The only angle-based observation we make is that \[ \angle EAC = \angle ABC = \angle EDC, \]so $ADCE$ is cyclic. Thus we conclude by the radical axis theorem on $(ABC)$, $(BDFE)$, and $(ADCE)$, whence the pairwise radical axes are $AC$, $BF$, $DE$.

By (degenerate) Reim on collinear points $B, D, C$ and $E, F, C$ we have $\overline{AB} \parallel \overline{DE} \parallel \overline{CC}$. Done by Pascal's on $AACCFB$.

$\angle EAC = \angle ABC = \angle EDC$ so $EADC$ is cyclic, $AC$, $BF$ and $DE$ turn out to be radical axises so they concur at the radical center

We define $X$ as $BF \cap DE$. Claim: $X$ lies on $AC$. Proof: Notice that $\angle ACB=\angle AEX$, and $\angle BAX=\angle AXE$. Thus we must have $\angle EAX=\angle ABC$. However $\angle ABC=\angle EAC$. Thus we have $\angle EAX=\angle EAC$ implying $A,X,C$ are collinear. Our proof is thus complete.

bruh so trivial i thought i fakesolved Note $\angle EDC = \angle ABC = \angle EAC,$ so $E, A, D, C$ are concyclic, and then radical axis theorem on the three circles $(ADCE), (AFCB), (BDFE)$ implies the result.

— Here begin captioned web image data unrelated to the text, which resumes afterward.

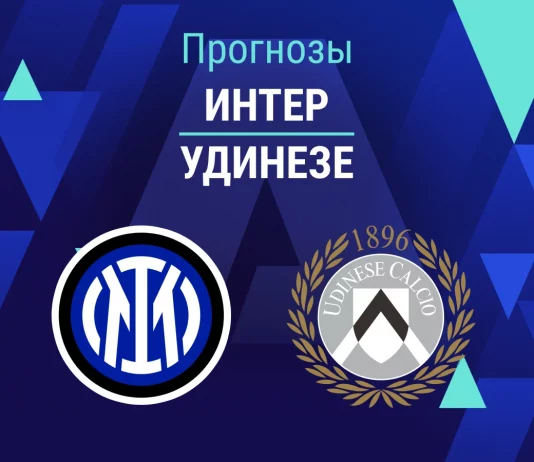 Прогноз Интер - Удинезе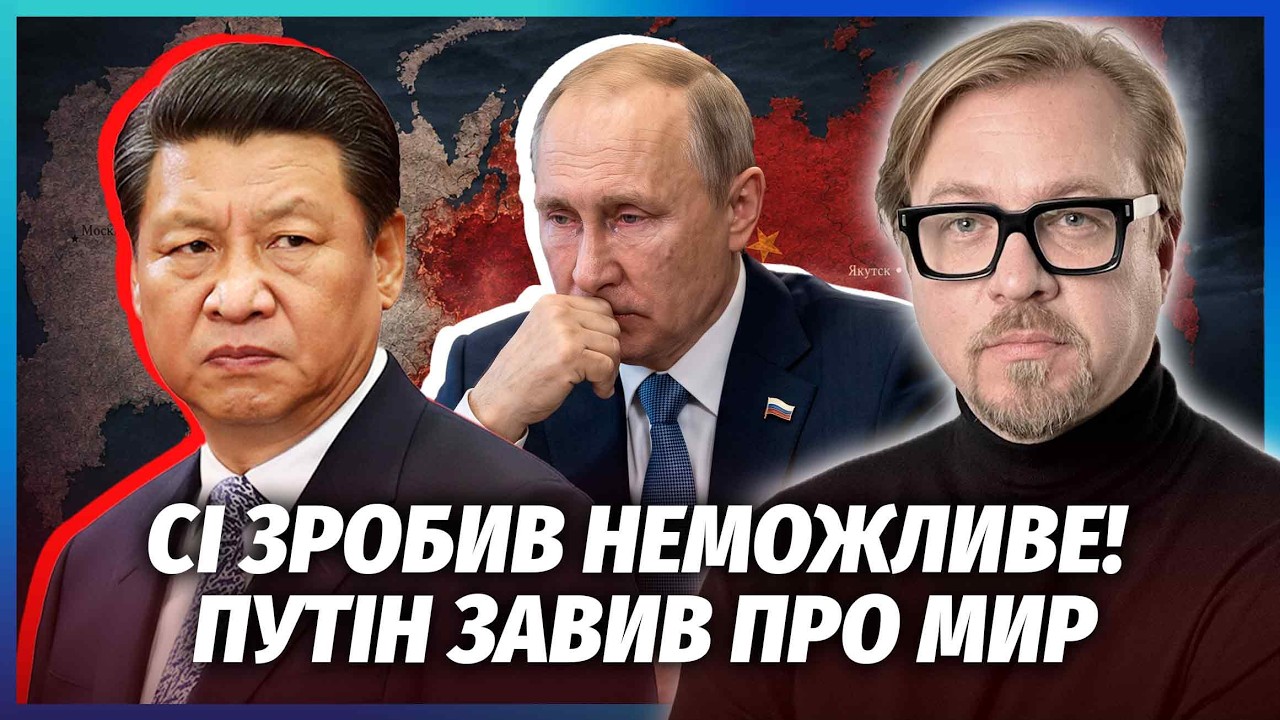 ⚡️Путіна ЗМУСИЛИ ОГОЛОСИТИ ПРО КІНЕЦЬ ВІЙНИ! ОЦЕ ТАК ФІНАЛ ЗУСТРІЧІ З СІ. Ди
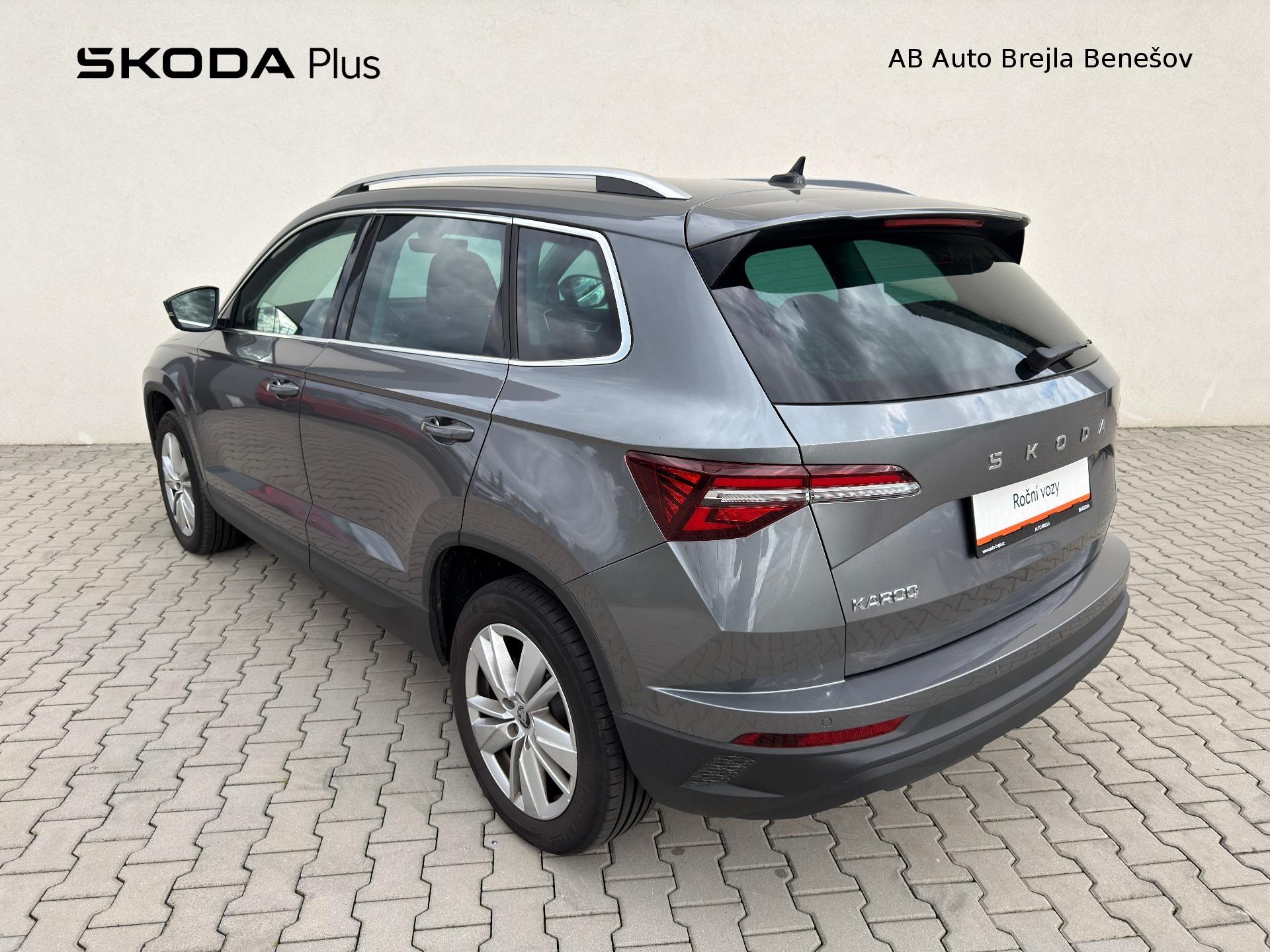 Škoda Karoq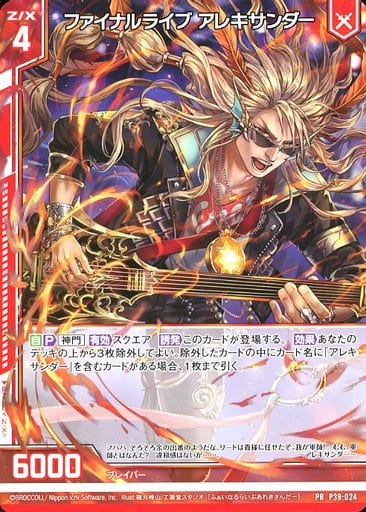 [PR] P39-024 ファイナルライブ アレキサンダ...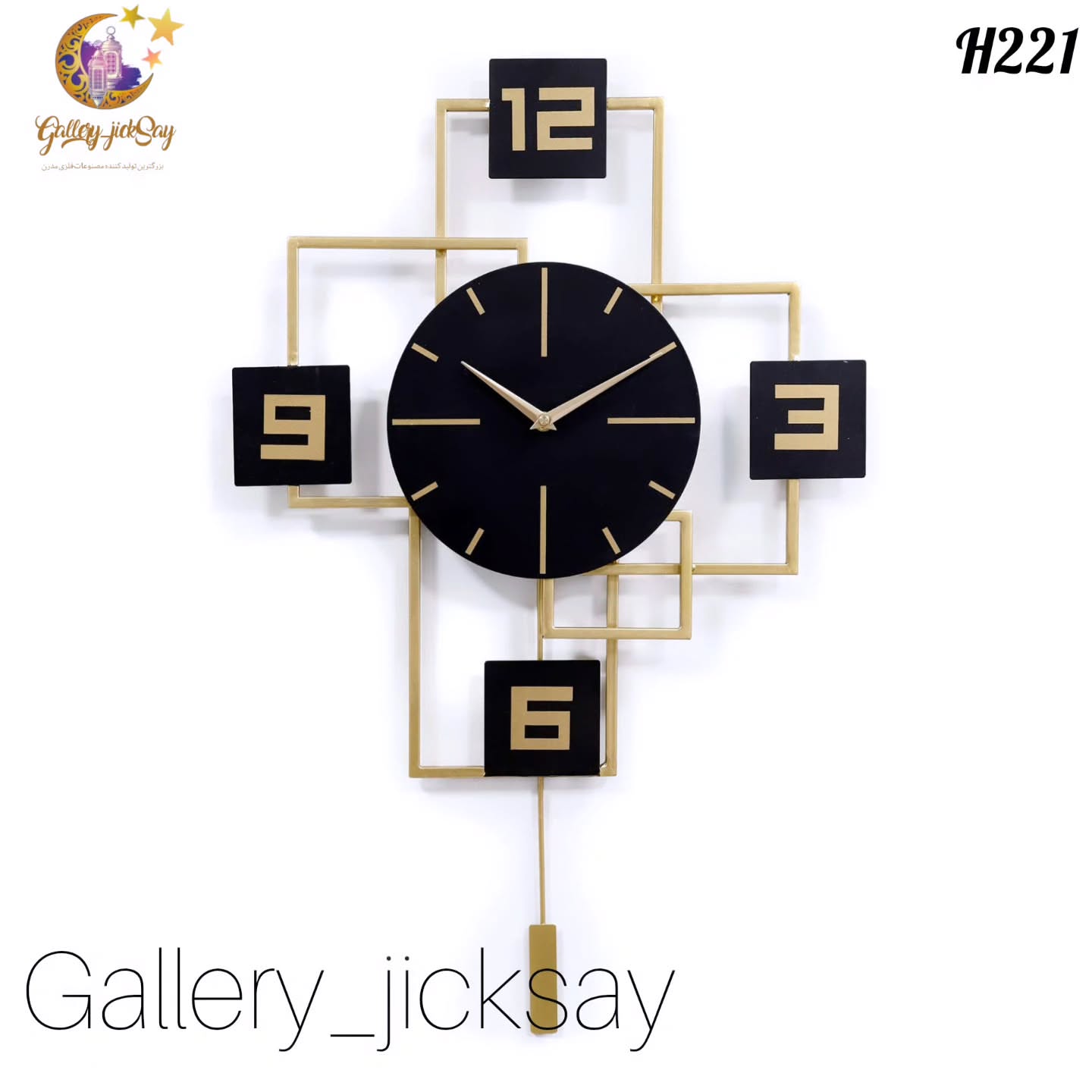 ساعت مدرن 🌟H221
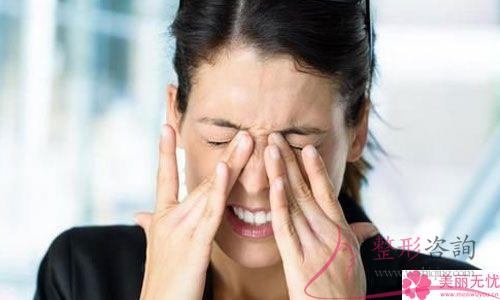 哪種方式能微創(chuàng)祛眼袋？1597夠不？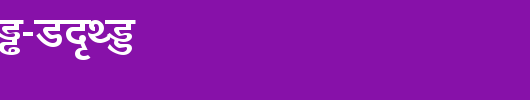 DV_Divyae-Bold.ttf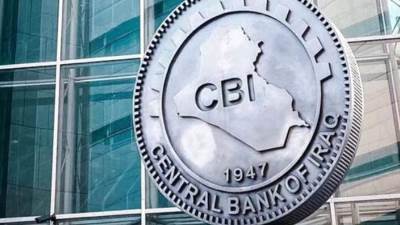 البنك المركزي العراقي يعلن تجاوز الاحتياطي النقدي للبلاد حاجز الـ90 مليار دولار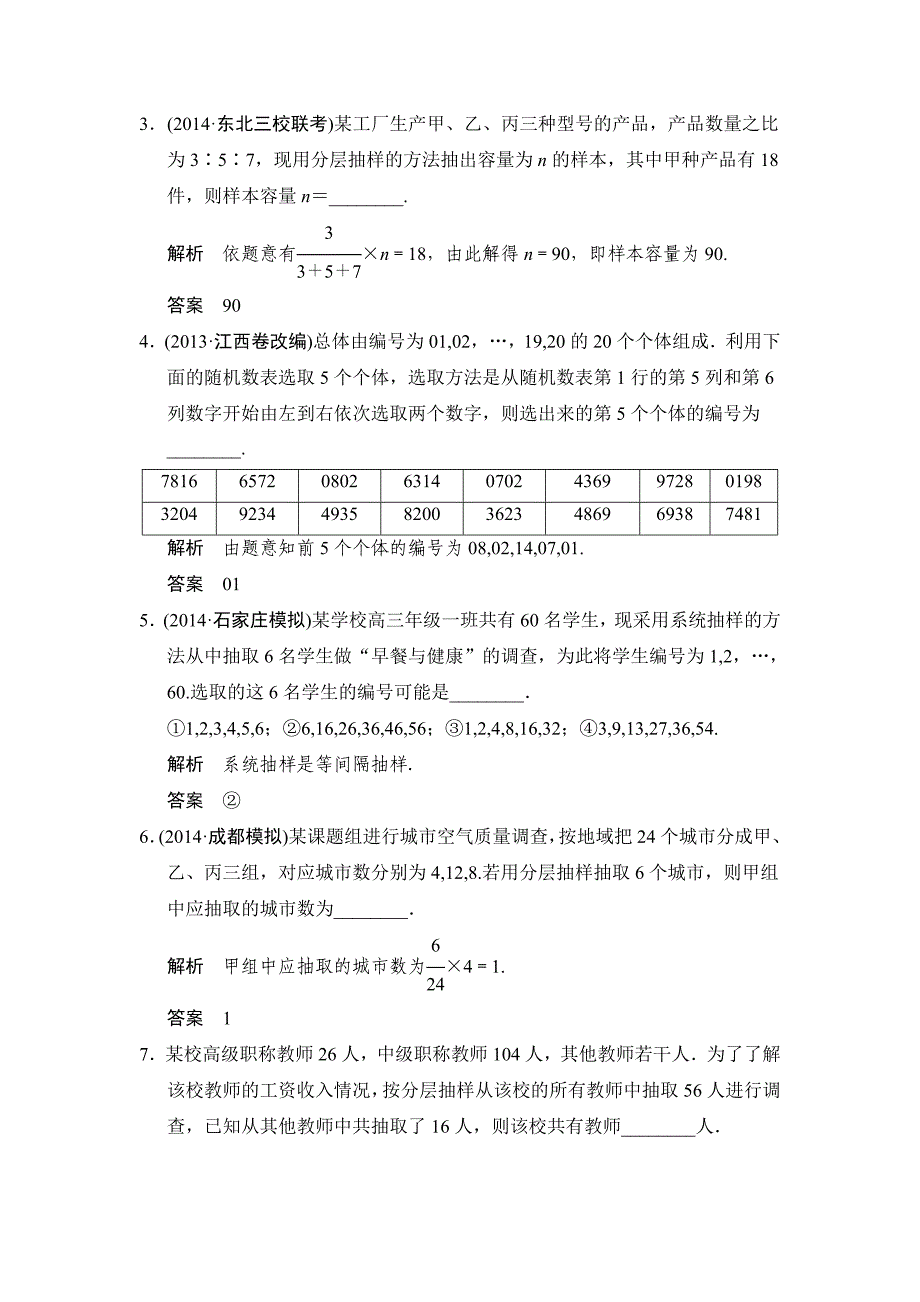 【创新设计】2015高考数学（苏教文）一轮题组训练：10-1随机抽样_第2页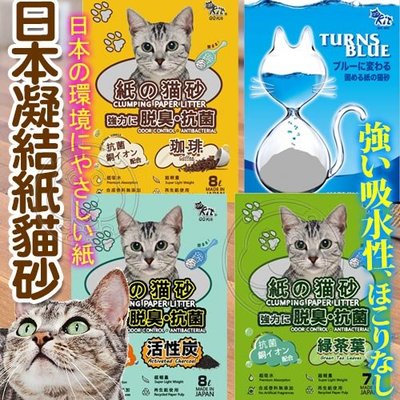 【🐱🐶培菓寵物48H出貨🐰🐹】QQ Kit》環保紙貓砂 咖啡 活性碳 變藍色 綠茶味7L/8L*1包特價230元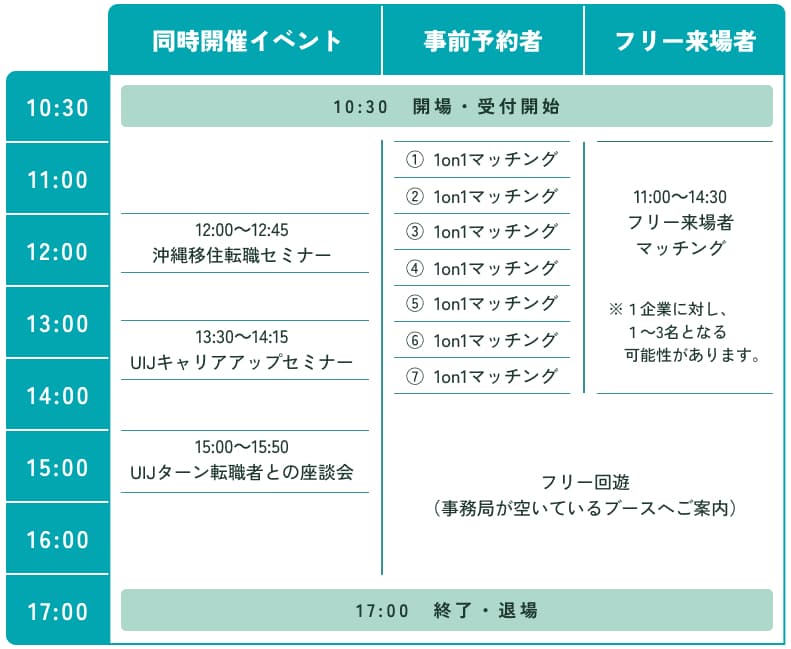 スケジュール.jpg
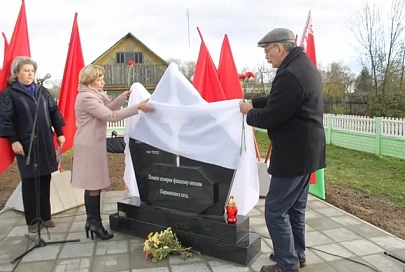 В Корме открыли памятный знак жертвам фашистского геноцида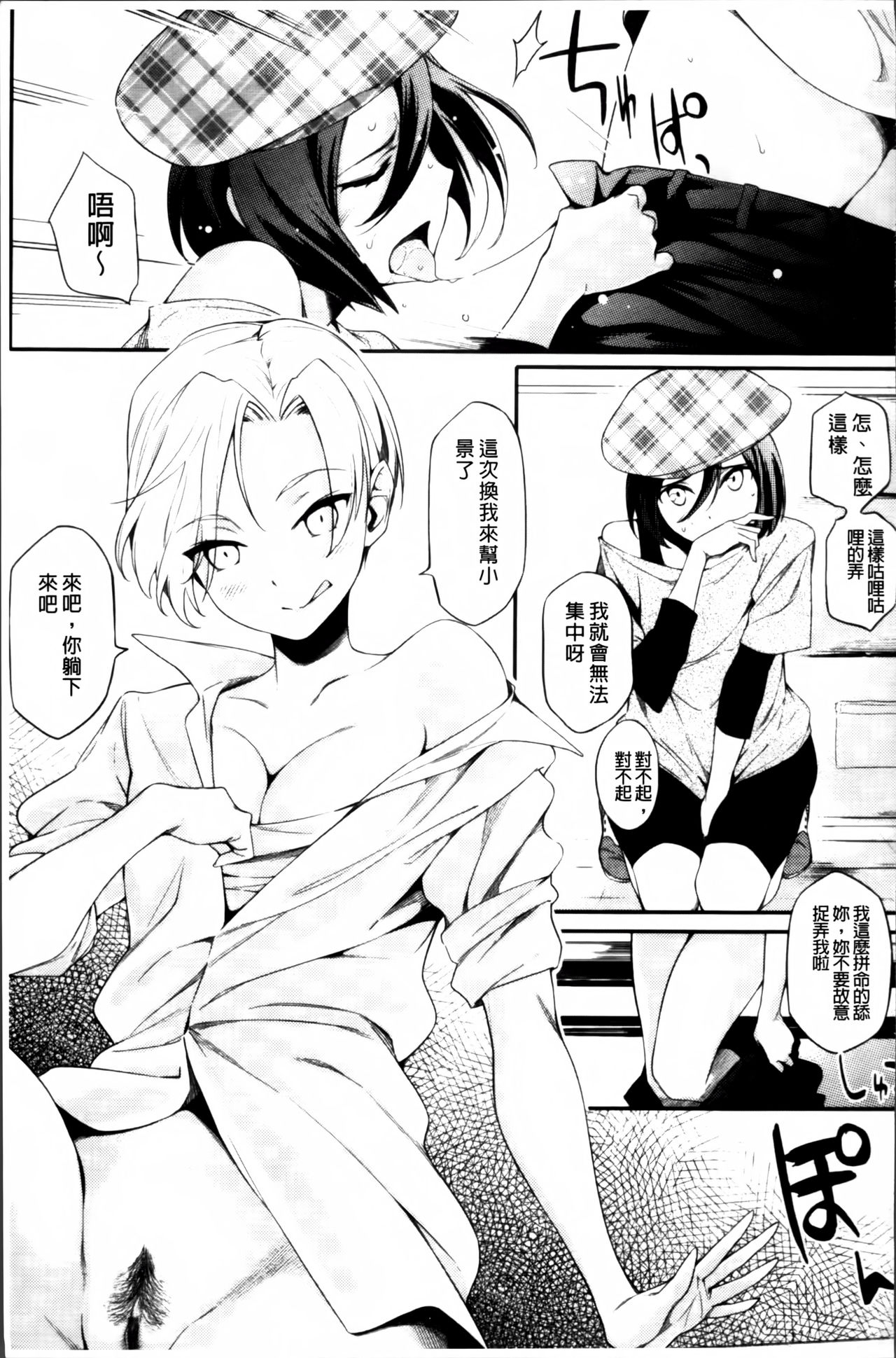 [ゆりかわ] 年上彼女オルタナティブ [中国翻訳]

mannshah1211 wrote: bruh so trivial i thought i fakesolved Note $\angle EDC = \angle ABC = \angle EAC,$ so $E, A, D, C$ are concyclic, and then radical axis theorem on the three circles $(ADCE), (AFCB), (BDFE)$ implies the result. me too I'm surprised that everyone found such a trivial solution but the solution on the website is like 10 lines (with no reasoning) Click here to see the solution on the website

$\angle{EAC}=\angle{ABC}=\angle{EDC}\implies A,E,C,D$ are concyclic. $DE, BF, AC$ are radical axes of $(ADCE),(BDFE); (BDFE), (ABC); (ABC), (ADCE)$, they are concurrent by radical axis theorem.